Work order
Reproduce the following data exactly, minus any images.

═════ Stored data

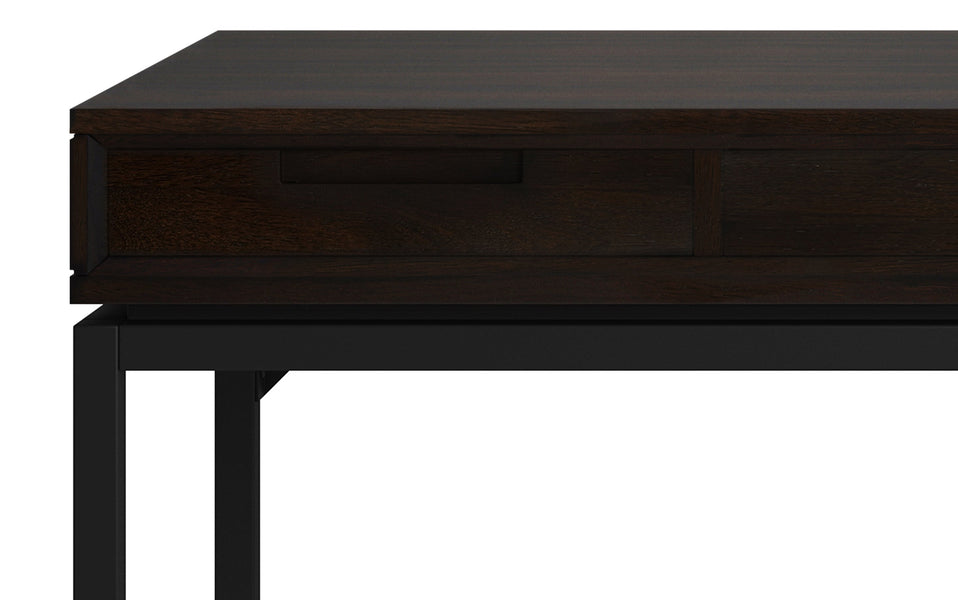 Hickory Brown Solid Wood - Rubberwood | Banting Mid Century Desk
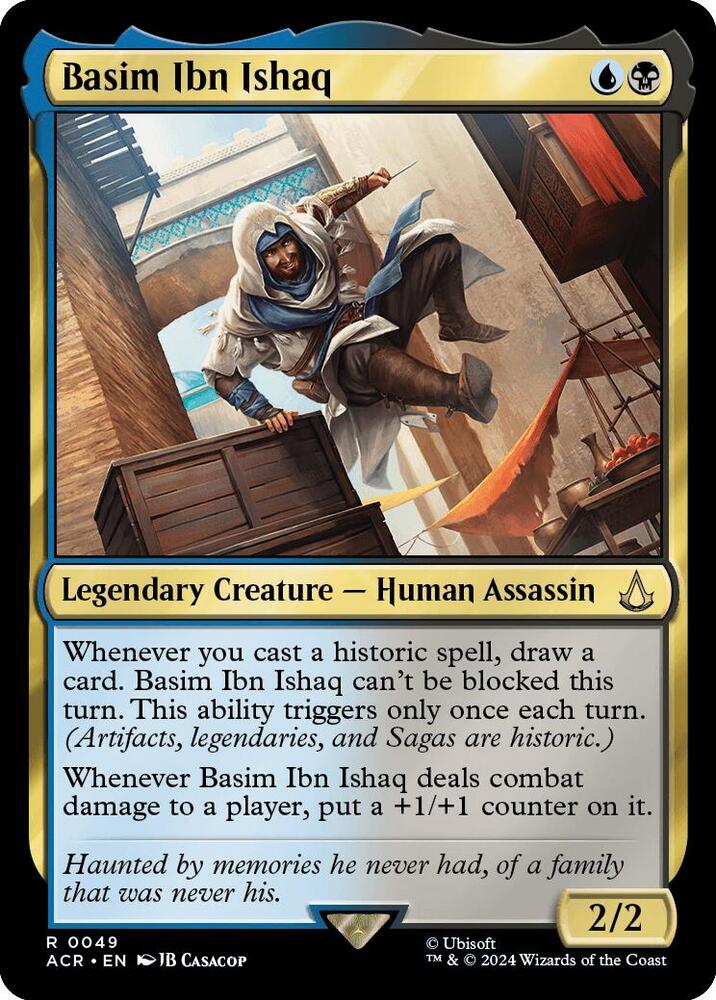 Basim Ibn Ishaq [Universes Beyond: Assassin's Creed] 49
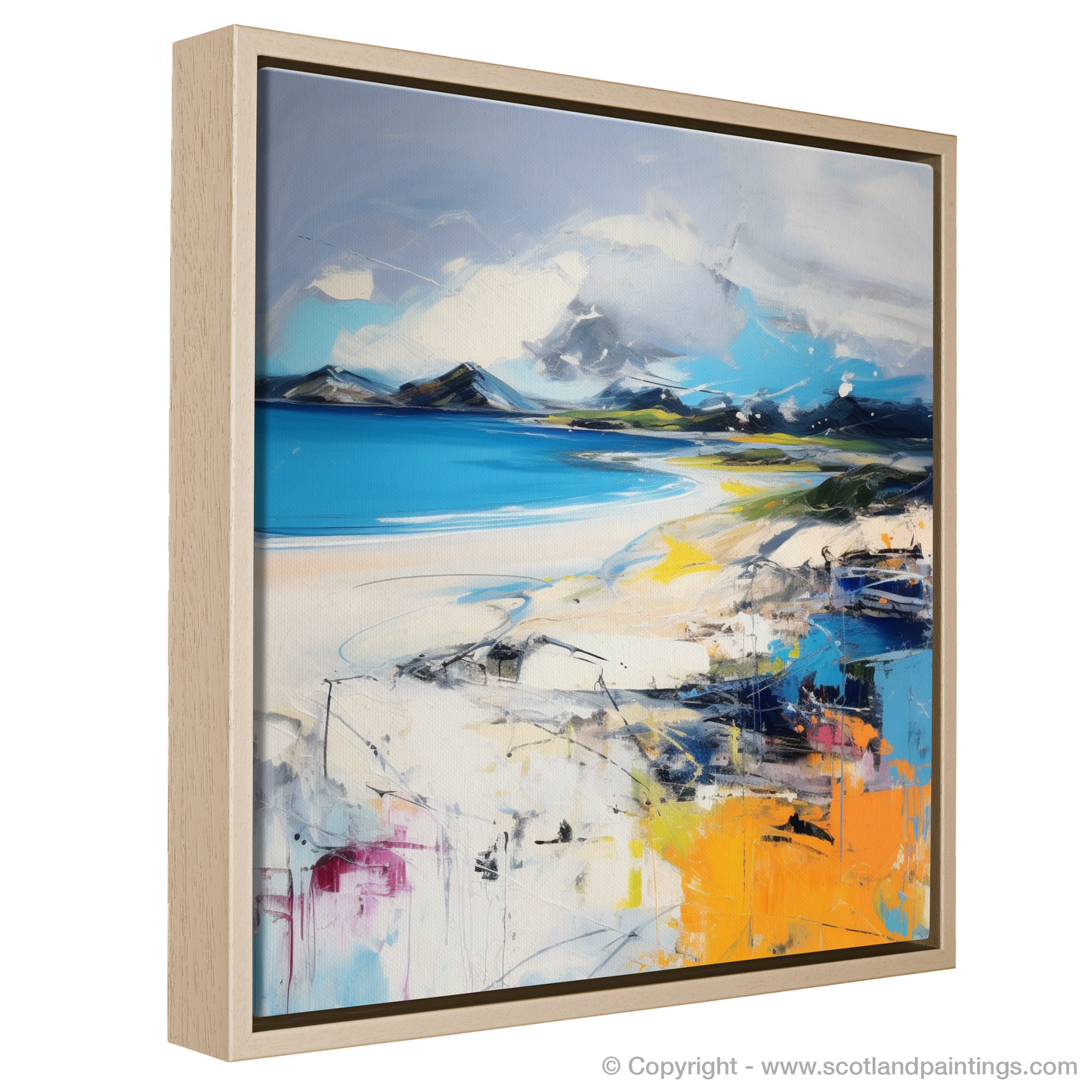 Storm over Silver Sands: An Abstract Expressionism Tribute to Morar's Wild Beaches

══════════

Written answer
 Hickory Brown Solid Wood - Rubberwood | Banting Mid Century Desk
 Basim Ibn Ishaq [Universes Beyond: Assassin's Creed] 49
 Storm over Silver Sands: An Abstract Expressionism Tribute to Morar's Wild Beaches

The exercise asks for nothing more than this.